> Task item:
Please copy every record below exactly, leaving out the pictures.

> Exercise data:
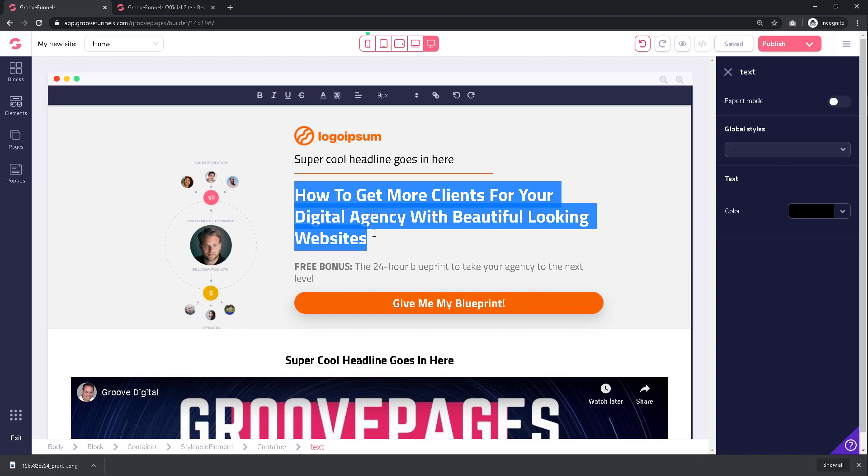can always model after the actual website of the products or services that you're promoting. If you want to promote GrooveFunnels, you can always go to GrooveFunnels.com or GrooveSell.com to get some ideas.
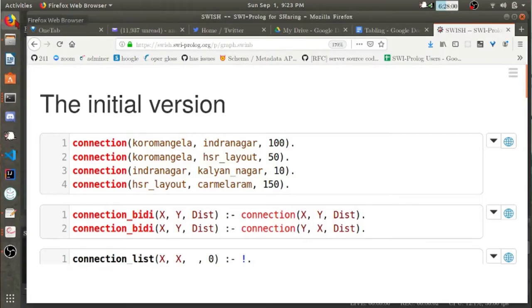Hey Annie, did you work on something cool while we were off? Indeed I did. I moved to India and I wrote a Prolog program to help me get around Bangalore on public transit. That sounds cool, can you show it to me? I grabbed a database of distances from the internet and converted them to a Prolog predicate.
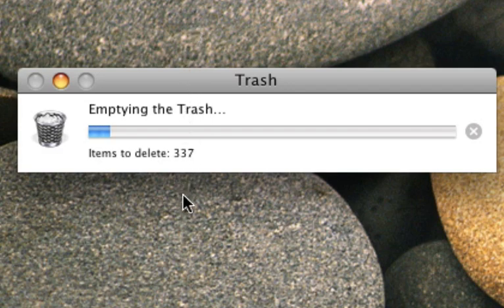And so when this finishes, if you want to test it out, you can go into Time Machine and it won't be there.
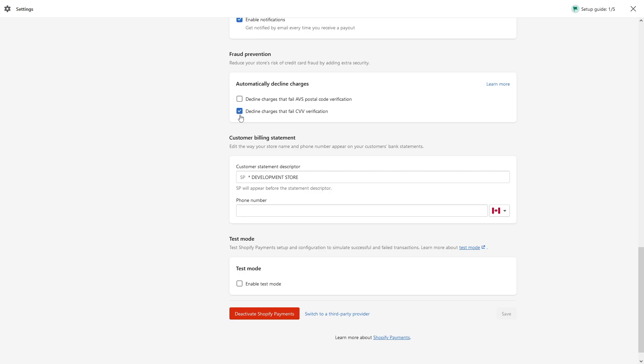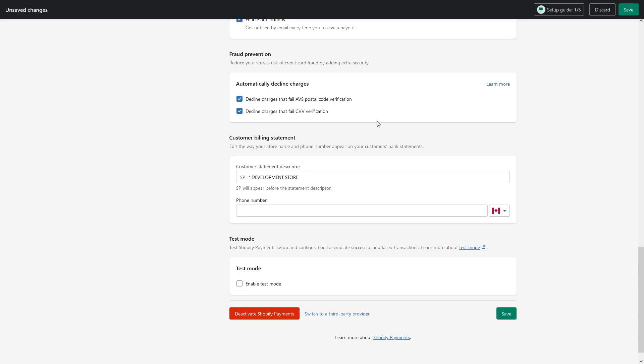So currently I have the CVV verification enabled, and it's also a good idea to enable the AVS verification. So once you enable those two and then click save, it will significantly reduce the amount of high risk orders your store will receive.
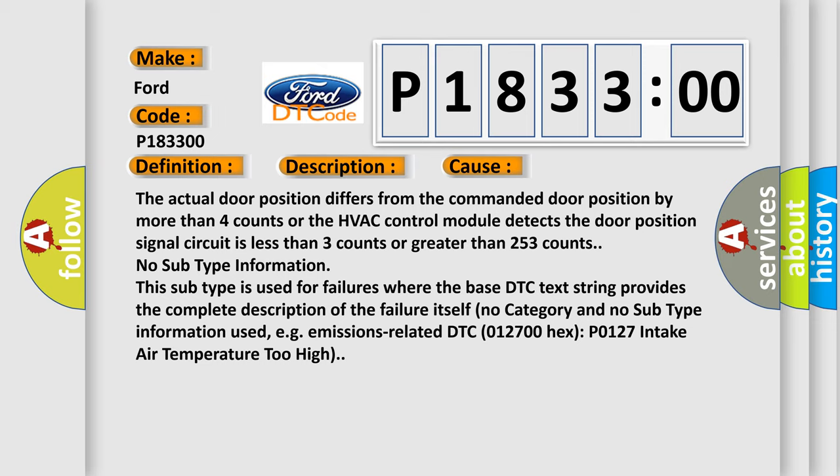No subtype information. This subtype is used for failures where the base DTC text string provides the complete description of the failure itself. No category and no subtype information used, e.g. emissions related. DTC 012700 hex P0127 intake air temperature too high.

> Answer box:
can always model after the actual website of the products or services that you're promoting. If you want to promote GrooveFunnels, you can always go to GrooveFunnels.com or GrooveSell.com to get some ideas.
Hey Annie, did you work on something cool while we were off? Indeed I did. I moved to India and I wrote a Prolog program to help me get around Bangalore on public transit. That sounds cool, can you show it to me? I grabbed a database of distances from the internet and converted them to a Prolog predicate.
And so when this finishes, if you want to test it out, you can go into Time Machine and it won't be there.
So currently I have the CVV verification enabled, and it's also a good idea to enable the AVS verification. So once you enable those two and then click save, it will significantly reduce the amount of high risk orders your store will receive.
No subtype information. This subtype is used for failures where the base DTC text string provides the complete description of the failure itself. No category and no subtype information used, e.g. emissions related. DTC 012700 hex P0127 intake air temperature too high.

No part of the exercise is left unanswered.